Checks elements; eg. the CasE of the elements and end tags.

attributes
  @errors = $gmuck->attributes(@lines);

Checks attributes.

entities
  @errors = $gmuck->entities(@lines);

Checks entities; eg. illegal '&' vs. '&' in URIs.

doctype
  @errors = $gmuck->doctype(@lines);

Checks DOCTYPE declarations.

mime_types
  @errors = $gmuck->mime_types(@lines);

Checks MIME types; eg. unregistered ones.

deprecated
  @errors = $gmuck->deprecated(@lines);

Checks deprecated things; eg. deprecated elements and attributes.


ACCESSORS, MUTATORS

The following accessor and mutator instance methods are available:

mode
  $mode = $gmuck->mode( [$mode] );

Gets, or if called with an optional argument, sets the mode of the object. Valid modes are 'XHTML', 'HTML' and 'XML'.

The mode of an HTML::GMUCK object affects the tests; you should set this corresponding to the kind of markup you are generating (or checking).

Note that setting the mode when the current mode is 'HTML' and the current quote character is '' (the empty string) will also set the quote character to '``' (the double quote).

tab_width
  $tab_width = $gmuck->tab_width( [$tab_width] );

Gets, or if called with the optional argument, sets the TAB width of the object. Valid values are integers > 0.

TAB width is used when calculating the line position for an error or warning message, ie. how many spaces does one TAB character count as.

quote
  $quote = $gmuck->quote( [$quote] );

Gets, or if called with an optional argument, sets the preferred quote character of the object. Valid values are '``' (the double quote), ''' (the single quote) and '' (the empty string).

min_attributes
  $min_attrs = $gmuck->min_attributes( [$min_attrs] );

Gets, or if called with an optional argument, sets whether minimized attributes will be checked when attributes() is called. A true value enables the checks, a non-true disables them. It is not allowed to turn off checks for minimized attributes in XML-based modes (XHTML, XML).

stats
  ($errors, $warnings) = $gmuck->stats();

Retrieves the count of errors and warnings that the object has found.

reset
  ($errors, $warnings) = $gmuck->reset();

Similar to stats(), but also resets the error and warning counts to 0.

full_version
  $version = $gmuck->full_version();
  $version = HTML::GMUCK::full_version();

Gets the version, with information about other packages in use. You can also call this as a function.


EXPORT

Nothing at the moment.


CAVEATS

You may get warnings about script media types, and a recommendation to use something else for them. However, some browsers, notably Microsoft Internet Explorer 6.0 has been reported not to execute scripts that use some of the recommended registered scripting media types. See <RFC 4329> and <http://www.robinlionheart.com/stds/html4/scripts.html> for more information. If this is a concern, one solution is to use some of the media types marked as obsolete in RFC 4329 for interoperability purposes and ignore related messages from gmuck.


BUGS

Due to the impossible task of this tool, there are and will be bugs, lots of them. There is a thin line between reporting lots of bogus errors and spotting enough real ones.
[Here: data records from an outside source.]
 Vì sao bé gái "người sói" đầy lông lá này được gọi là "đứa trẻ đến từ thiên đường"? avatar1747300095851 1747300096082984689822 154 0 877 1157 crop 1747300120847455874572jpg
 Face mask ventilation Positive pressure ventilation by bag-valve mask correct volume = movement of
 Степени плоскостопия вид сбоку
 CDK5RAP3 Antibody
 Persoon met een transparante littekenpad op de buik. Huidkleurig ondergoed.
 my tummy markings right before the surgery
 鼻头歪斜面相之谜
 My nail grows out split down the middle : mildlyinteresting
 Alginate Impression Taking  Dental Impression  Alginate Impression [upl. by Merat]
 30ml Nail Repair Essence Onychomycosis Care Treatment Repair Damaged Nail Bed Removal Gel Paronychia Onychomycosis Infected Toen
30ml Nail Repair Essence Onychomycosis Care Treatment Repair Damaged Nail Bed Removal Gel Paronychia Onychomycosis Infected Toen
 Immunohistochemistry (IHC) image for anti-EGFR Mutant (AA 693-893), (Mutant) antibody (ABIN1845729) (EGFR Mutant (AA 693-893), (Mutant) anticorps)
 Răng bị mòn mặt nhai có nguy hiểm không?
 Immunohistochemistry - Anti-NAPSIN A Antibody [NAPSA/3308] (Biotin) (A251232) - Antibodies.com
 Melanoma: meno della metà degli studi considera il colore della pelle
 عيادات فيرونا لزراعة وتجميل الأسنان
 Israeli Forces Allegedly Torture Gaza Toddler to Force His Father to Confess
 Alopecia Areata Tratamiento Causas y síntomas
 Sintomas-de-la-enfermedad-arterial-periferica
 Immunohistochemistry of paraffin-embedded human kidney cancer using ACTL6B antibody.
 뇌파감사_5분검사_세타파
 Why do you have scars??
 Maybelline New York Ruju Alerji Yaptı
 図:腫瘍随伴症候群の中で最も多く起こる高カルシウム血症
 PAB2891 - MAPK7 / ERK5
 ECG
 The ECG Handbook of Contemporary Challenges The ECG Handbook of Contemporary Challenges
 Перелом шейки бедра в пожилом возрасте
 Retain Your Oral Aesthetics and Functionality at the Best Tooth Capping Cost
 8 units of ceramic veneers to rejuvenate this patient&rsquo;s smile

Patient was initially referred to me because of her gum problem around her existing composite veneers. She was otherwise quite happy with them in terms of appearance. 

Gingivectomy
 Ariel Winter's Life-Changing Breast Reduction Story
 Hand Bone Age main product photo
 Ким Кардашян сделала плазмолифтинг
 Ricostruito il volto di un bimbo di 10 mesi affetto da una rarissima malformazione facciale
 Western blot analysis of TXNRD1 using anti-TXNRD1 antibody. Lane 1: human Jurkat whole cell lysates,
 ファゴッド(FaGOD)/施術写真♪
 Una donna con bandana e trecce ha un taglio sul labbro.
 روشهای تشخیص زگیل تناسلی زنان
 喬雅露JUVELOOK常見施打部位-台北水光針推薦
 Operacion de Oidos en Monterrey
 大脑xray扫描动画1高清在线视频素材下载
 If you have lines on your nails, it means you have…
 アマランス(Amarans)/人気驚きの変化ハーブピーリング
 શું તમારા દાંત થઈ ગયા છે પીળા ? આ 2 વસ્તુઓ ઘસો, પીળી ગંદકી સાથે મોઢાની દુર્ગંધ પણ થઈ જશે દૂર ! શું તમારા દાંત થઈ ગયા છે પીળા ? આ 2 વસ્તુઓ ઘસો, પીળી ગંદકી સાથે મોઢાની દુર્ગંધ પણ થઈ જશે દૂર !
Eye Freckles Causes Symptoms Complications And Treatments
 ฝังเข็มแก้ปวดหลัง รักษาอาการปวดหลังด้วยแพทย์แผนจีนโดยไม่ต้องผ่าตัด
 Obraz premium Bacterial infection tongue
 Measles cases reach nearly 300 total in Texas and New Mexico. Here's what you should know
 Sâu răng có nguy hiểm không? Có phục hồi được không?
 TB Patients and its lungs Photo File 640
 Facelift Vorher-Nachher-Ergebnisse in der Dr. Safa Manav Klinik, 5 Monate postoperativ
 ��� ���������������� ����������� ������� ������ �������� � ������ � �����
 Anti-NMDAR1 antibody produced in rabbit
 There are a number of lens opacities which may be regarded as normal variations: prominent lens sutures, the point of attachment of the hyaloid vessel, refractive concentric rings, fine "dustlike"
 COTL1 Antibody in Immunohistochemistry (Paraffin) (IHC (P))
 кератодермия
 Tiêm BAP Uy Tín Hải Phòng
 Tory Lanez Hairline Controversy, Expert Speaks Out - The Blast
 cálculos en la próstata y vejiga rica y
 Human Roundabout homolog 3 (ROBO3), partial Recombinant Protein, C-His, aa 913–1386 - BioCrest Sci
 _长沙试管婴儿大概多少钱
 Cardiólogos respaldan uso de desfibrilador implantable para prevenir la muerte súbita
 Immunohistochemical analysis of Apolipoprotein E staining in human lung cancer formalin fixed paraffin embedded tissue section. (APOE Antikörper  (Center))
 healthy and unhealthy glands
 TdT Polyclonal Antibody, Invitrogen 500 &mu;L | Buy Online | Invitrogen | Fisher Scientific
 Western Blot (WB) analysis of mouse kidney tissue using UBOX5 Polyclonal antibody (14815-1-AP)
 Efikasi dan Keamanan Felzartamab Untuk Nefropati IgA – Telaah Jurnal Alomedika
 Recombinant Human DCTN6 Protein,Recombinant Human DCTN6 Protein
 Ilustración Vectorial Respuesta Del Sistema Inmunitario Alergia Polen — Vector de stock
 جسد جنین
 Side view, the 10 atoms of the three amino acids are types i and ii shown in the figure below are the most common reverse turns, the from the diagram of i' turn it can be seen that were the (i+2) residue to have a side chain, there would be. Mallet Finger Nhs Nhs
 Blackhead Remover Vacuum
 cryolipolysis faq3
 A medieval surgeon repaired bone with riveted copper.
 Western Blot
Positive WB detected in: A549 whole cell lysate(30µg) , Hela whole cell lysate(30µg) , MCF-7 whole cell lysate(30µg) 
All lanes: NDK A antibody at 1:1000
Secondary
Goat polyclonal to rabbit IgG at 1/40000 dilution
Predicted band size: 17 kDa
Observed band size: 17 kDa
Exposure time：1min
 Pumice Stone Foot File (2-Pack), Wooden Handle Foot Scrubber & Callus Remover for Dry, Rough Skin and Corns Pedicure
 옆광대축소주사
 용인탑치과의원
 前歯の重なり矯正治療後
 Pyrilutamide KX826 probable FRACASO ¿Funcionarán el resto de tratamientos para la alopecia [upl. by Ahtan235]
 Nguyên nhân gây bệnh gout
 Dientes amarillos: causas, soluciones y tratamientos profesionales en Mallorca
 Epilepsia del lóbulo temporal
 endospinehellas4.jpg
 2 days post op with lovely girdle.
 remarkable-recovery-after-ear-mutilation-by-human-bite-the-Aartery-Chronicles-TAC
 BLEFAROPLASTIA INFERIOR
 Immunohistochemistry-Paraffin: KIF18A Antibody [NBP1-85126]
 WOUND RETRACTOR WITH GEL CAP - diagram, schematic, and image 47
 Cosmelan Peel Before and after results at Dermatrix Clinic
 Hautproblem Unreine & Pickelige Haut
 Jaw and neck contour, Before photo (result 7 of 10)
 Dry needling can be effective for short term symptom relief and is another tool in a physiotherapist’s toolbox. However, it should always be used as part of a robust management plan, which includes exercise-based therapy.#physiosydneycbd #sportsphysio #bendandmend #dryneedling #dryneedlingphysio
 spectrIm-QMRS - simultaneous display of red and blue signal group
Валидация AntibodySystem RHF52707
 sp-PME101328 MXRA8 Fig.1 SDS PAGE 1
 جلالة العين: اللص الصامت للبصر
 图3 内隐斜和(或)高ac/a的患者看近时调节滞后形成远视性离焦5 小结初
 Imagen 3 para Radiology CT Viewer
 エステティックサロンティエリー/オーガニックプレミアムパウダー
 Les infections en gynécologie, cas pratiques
See BUGS in the distribution for an up to date list.


TODO

See TODO in the distribution for an up to date list.


SEE ALSO

the gmuck(1) manpage

The gmuck homepage, <http://gmuck.sourceforge.net/>

The W3C MarkUp Validation Service <http://validator.w3.org/>

WDG HTML Validator <http://www.htmlhelp.com/tools/validator/>

Site Valet <http://valet.htmlhelp.com/>

the HTML::Validator manpage


AUTHOR

Ville Skyttä <ville.skytta at iki.fi>


COPYRIGHT

Copyright (C) 2001-2007 Ville Skyttä. All rights reserved.

This program is free software, you can redistribute it and/or modify it under the terms of The Artistic License or the GNU General Public License (``GPL'') as published by the Free Software Foundation; either version 2 of the GPL, or (at your option) any later version.